A Florianabela é uma menina pura e angelical, que não se cansa de cantar que “pobres dos ricos, que tanto têm, p’ra que é que serve tanto dinheiro, pois faltam sonhos, falta vontade, falta o tempo e a liberdade, vivem com medo de perder algo, muita arrogância e muita ganância, falta o tempo e a esperança”. Florianabela é é feliz, apesar de não ter nada, mas tendo, tendo tudo, porque é rica em sonhos, e pobre, pobre em ouro.
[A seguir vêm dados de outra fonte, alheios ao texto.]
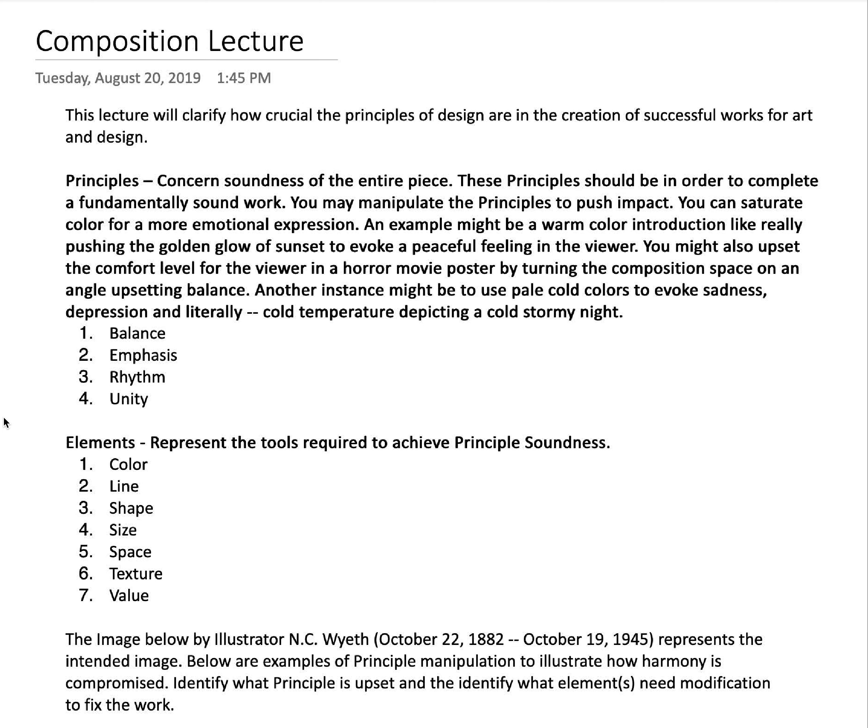This lecture will clarify how crucial the principles of design are in the creation of successful works of art and design. Principles concern the soundness of the entire piece of work — art or design in general. These principles should be in order to complete a fundamentally sound work.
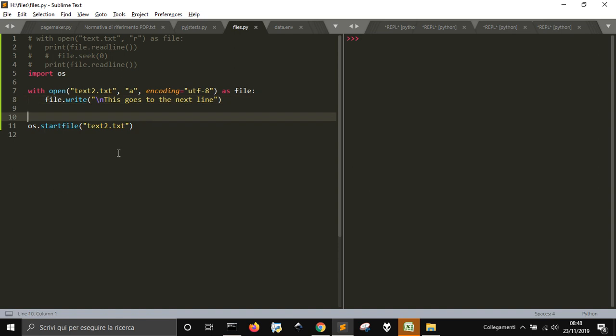This is pretty much everything about the basics of opening, writing, and appending to a text file. To open an existing text, or append or write something into a new text or an already created one with append mode — and that's all, thank you.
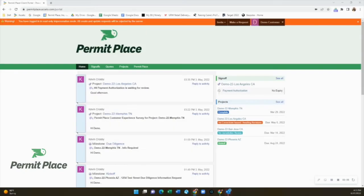Welcome to the Permit Place Client Portal. This is your central hub for all things project related, including status updates, schedules, pending estimates or quotes, and even a channel to submit customer service request items for tickets. Let's get started.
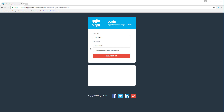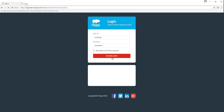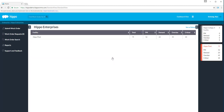Optionally, you can select Remember me for this computer. Click on the Secure Login button. You will now be logged into HIPPO CMMS.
Mas um dia a mãe ficou muito doente: sendo verdade que só por ter dinheiro, não compra amigos, estrelas, um amor verdadeiro, é igualmente verdade que a pureza dos sentimentos, não pagam a conta do hospital. Na aldeia onde Florianabela tinha crescido existia uma tradição muito antiga, repetida ao longo de gerações, por todos os seus habitantes, que dizia que se numa noite de lua cheia uma jovem menina lavasse os pés ao senhor mais idoso da vila, poderia ficar com a casa dele. Florianabela, esperou por uma noite de deslumbrante luar, lavou os pés ao Senhor Berimbaldo e exigiu a casa, que tencionava vender, para pagar a operação da sua mãe.
Mas o amor da vida de Florianabela é Estrelita: por viverem como um casal há mais de dois anos, candidataram-se para adoptar duas crianças, ao abrigo do Decreto-Lei 101/08 de 13 de Outubro de 08, que disponha no artigo 2º: “as mulheres que vivam maritalmente há mais de dois anos, podem adoptar crianças, porquanto, se a afectividade de uma mulher é enorme, de duas será ainda mais intensa”.